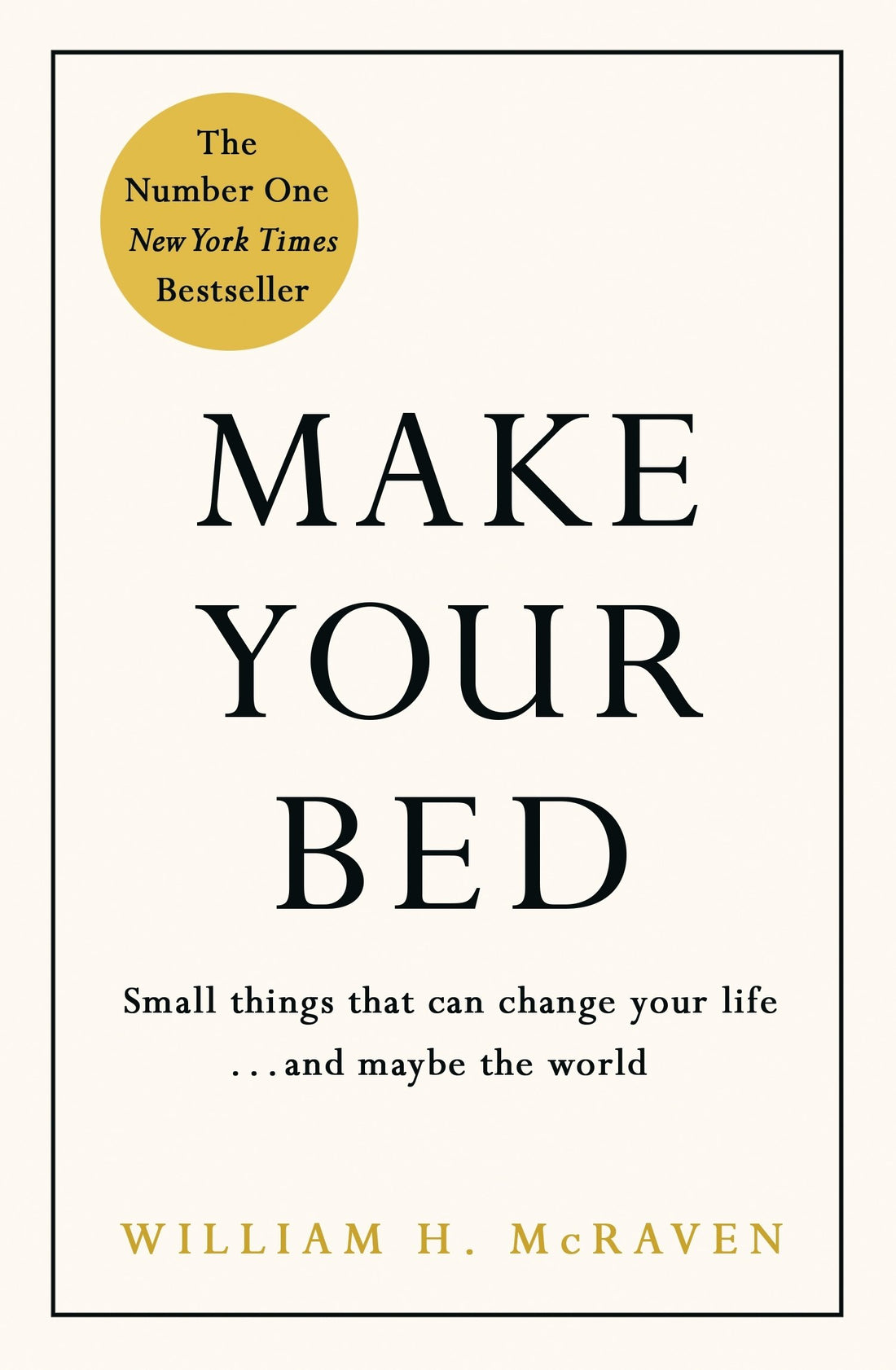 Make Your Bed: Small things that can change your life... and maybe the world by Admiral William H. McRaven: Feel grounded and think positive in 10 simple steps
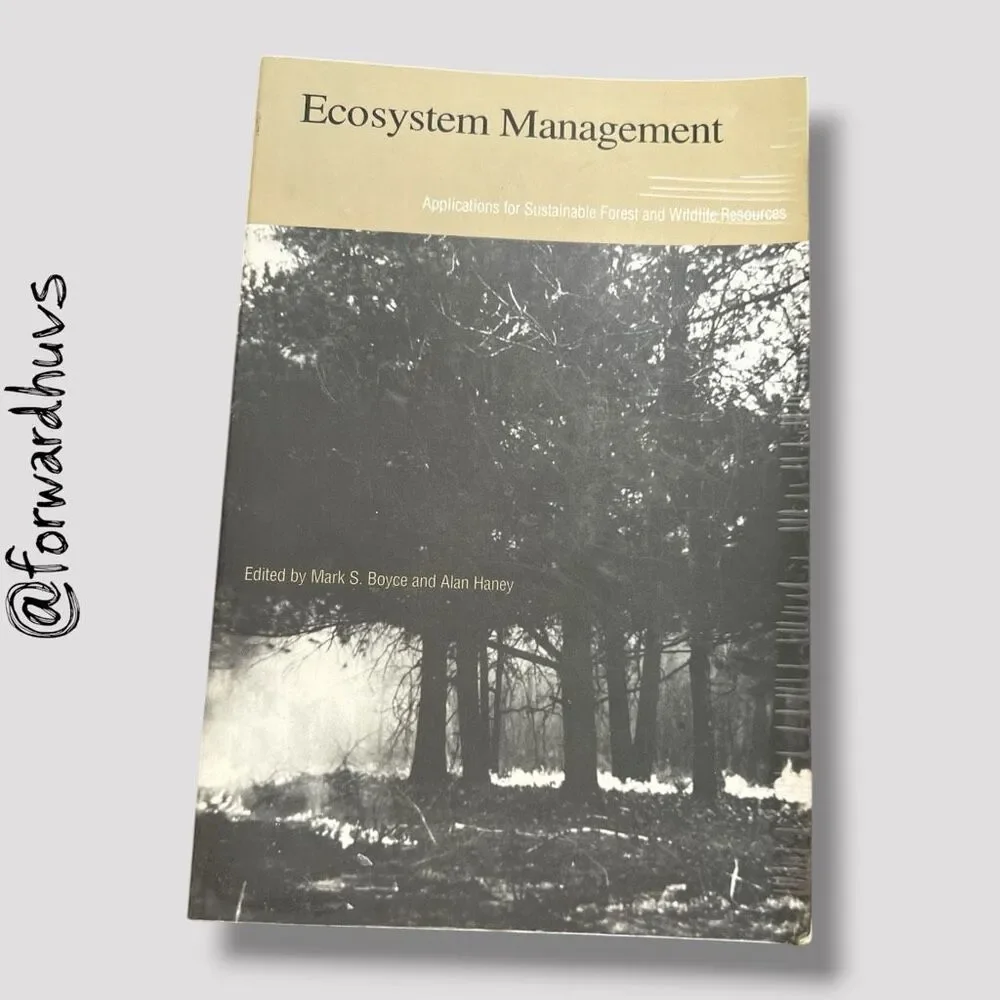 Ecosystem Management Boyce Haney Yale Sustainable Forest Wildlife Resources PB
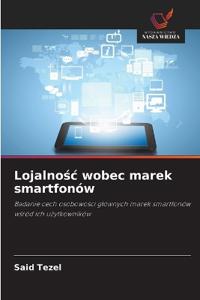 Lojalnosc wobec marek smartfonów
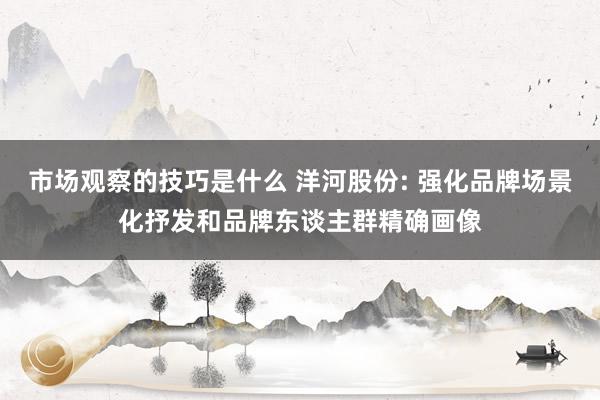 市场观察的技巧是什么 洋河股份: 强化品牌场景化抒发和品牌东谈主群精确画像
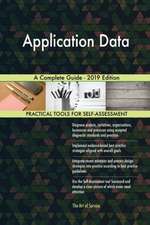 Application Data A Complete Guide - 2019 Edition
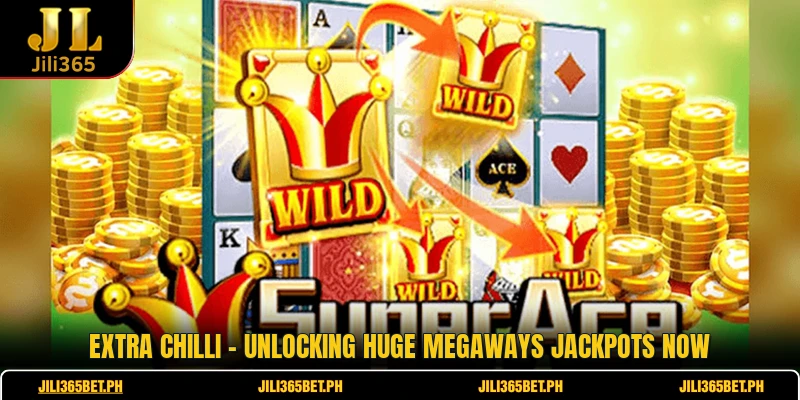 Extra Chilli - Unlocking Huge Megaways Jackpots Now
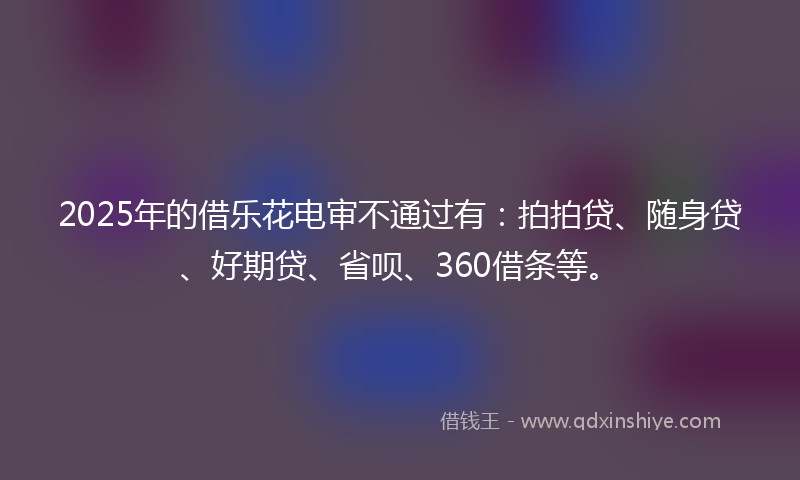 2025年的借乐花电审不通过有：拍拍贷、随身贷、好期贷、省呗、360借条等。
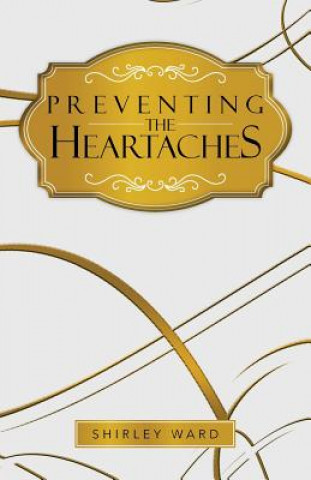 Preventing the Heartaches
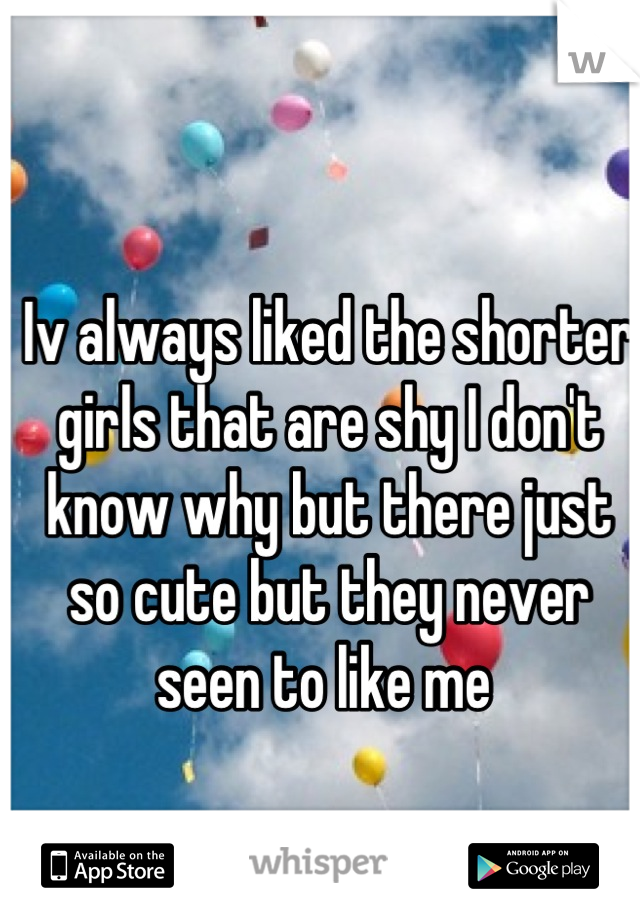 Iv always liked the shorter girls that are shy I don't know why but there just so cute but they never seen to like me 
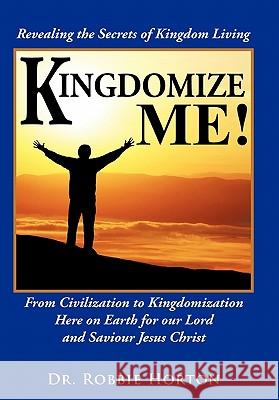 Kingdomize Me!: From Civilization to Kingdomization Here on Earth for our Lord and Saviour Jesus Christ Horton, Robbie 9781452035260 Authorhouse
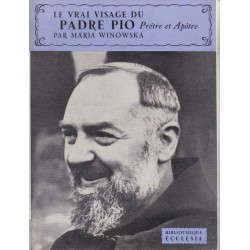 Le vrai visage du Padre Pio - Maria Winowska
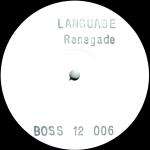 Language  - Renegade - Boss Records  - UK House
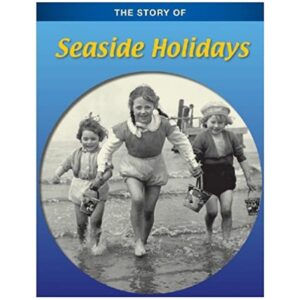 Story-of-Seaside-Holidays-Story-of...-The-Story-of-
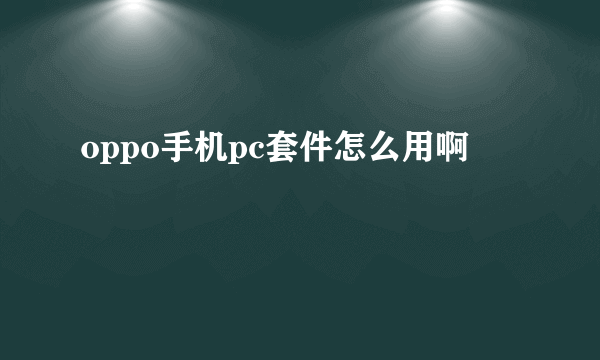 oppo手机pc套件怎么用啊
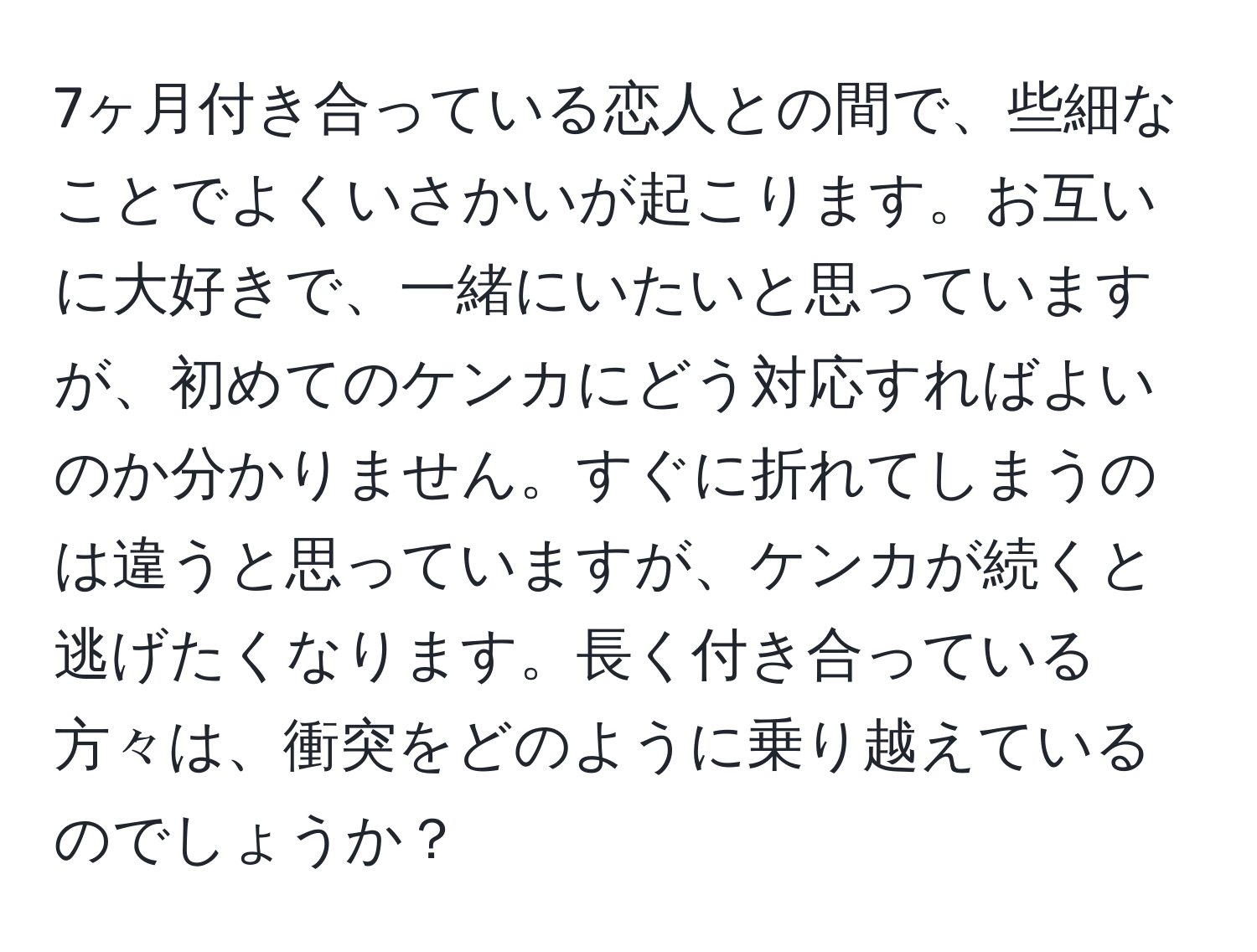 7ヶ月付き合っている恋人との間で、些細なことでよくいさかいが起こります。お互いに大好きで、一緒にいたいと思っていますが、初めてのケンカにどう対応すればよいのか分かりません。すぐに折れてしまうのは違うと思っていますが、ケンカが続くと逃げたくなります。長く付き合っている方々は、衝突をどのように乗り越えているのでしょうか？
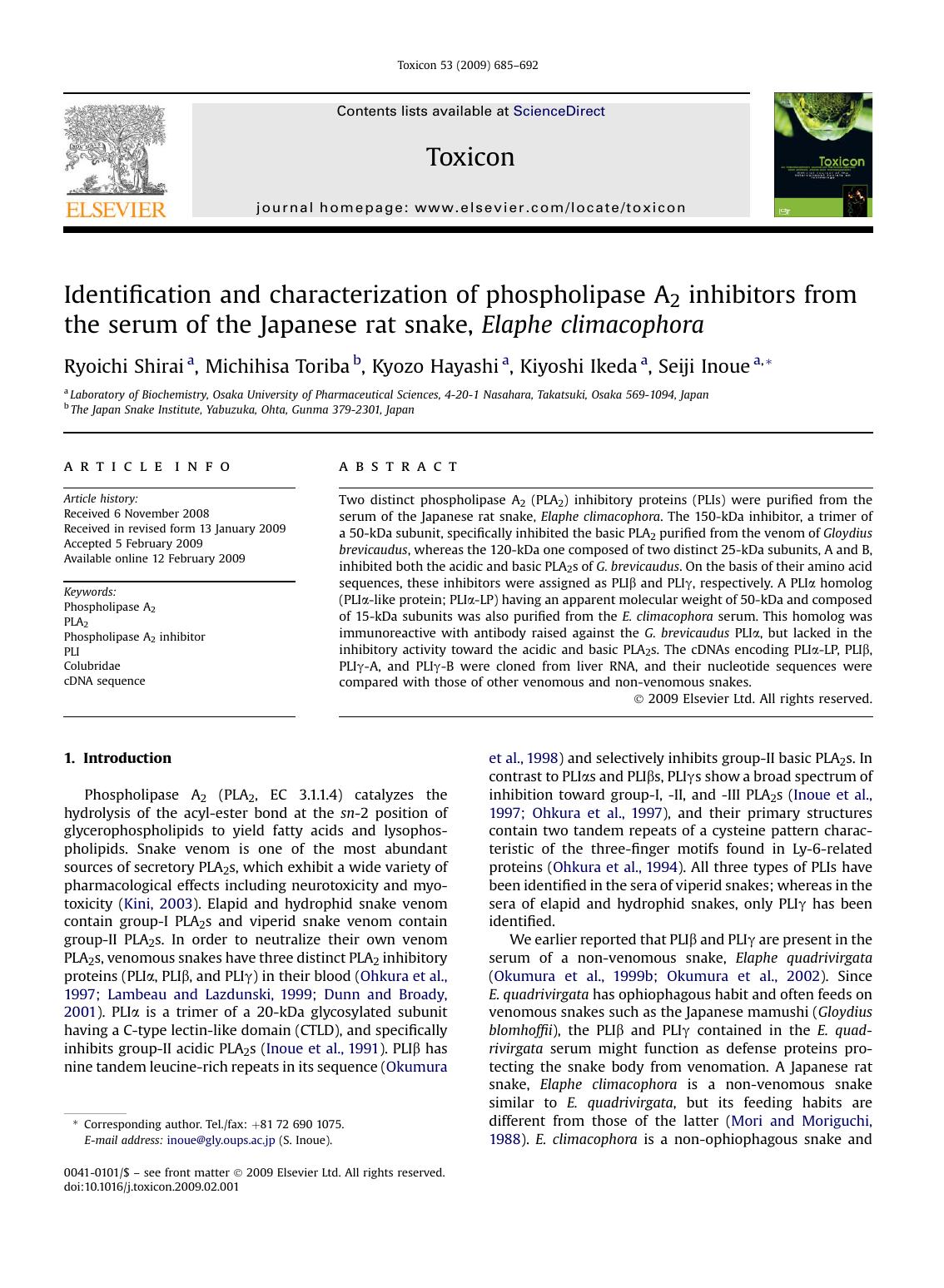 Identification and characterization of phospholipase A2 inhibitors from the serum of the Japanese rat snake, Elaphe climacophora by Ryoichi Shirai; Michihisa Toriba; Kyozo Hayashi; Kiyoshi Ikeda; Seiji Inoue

---

[Exercise instructions]
Your answer should be the lines from the first record down to the line containing "Le vrai visage du Padre Pio - Maria Winowska", restated exactly, with no pictures.

[Exercise result]
 Make Your Bed: Small things that can change your life... and maybe the world by Admiral William H. McRaven: Feel grounded and think positive in 10 simple steps
 Ecosystem Management Boyce Haney Yale Sustainable Forest Wildlife Resources PB
 Lojalnosc wobec marek smartfonów
 市场观察的技巧是什么 洋河股份: 强化品牌场景化抒发和品牌东谈主群精确画像
 Application Data A Complete Guide - 2019 Edition
 Extra Chilli - Unlocking Huge Megaways Jackpots Now
 2025年的借乐花电审不通过有：拍拍贷、随身贷、好期贷、省呗、360借条等。
 Preventing the Heartaches
 Iv always liked the shorter girls that are shy I don't know why but there just so cute but they never seen to like me 
 Kingdomize Me!: From Civilization to Kingdomization Here on Earth for our Lord and Saviour Jesus Christ Horton, Robbie 9781452035260 Authorhouse
 Le vrai visage du Padre Pio - Maria Winowska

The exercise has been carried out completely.